» **TRY IT**:
Give again every line from the one with "Well equipped kitchen with walk in pantry." through the last line of the data, exactly, and leave out the lines before it.
*** ENTRIES SUPPLIED Section Begins ***
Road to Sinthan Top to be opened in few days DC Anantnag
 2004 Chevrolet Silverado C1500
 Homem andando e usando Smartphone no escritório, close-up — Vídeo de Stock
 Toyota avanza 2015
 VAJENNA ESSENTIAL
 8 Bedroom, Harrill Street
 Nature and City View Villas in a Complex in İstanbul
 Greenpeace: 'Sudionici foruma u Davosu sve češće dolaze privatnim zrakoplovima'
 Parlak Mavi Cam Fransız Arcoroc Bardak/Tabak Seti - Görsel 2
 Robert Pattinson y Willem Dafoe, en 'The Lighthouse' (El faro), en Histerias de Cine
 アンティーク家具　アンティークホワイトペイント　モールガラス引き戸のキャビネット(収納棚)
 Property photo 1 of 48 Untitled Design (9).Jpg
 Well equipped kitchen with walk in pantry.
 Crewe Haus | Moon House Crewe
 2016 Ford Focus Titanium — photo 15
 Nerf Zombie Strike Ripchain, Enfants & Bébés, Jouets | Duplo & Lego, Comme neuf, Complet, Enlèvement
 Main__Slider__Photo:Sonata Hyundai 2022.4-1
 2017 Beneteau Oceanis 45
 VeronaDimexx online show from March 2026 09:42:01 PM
*** ENTRIES SUPPLIED Section Ends ***
» **RESULT BELOW**:
 Well equipped kitchen with walk in pantry.
 Crewe Haus | Moon House Crewe
 2016 Ford Focus Titanium — photo 15
 Nerf Zombie Strike Ripchain, Enfants & Bébés, Jouets | Duplo & Lego, Comme neuf, Complet, Enlèvement
 Main__Slider__Photo:Sonata Hyundai 2022.4-1
 2017 Beneteau Oceanis 45
 VeronaDimexx online show from March 2026 09:42:01 PM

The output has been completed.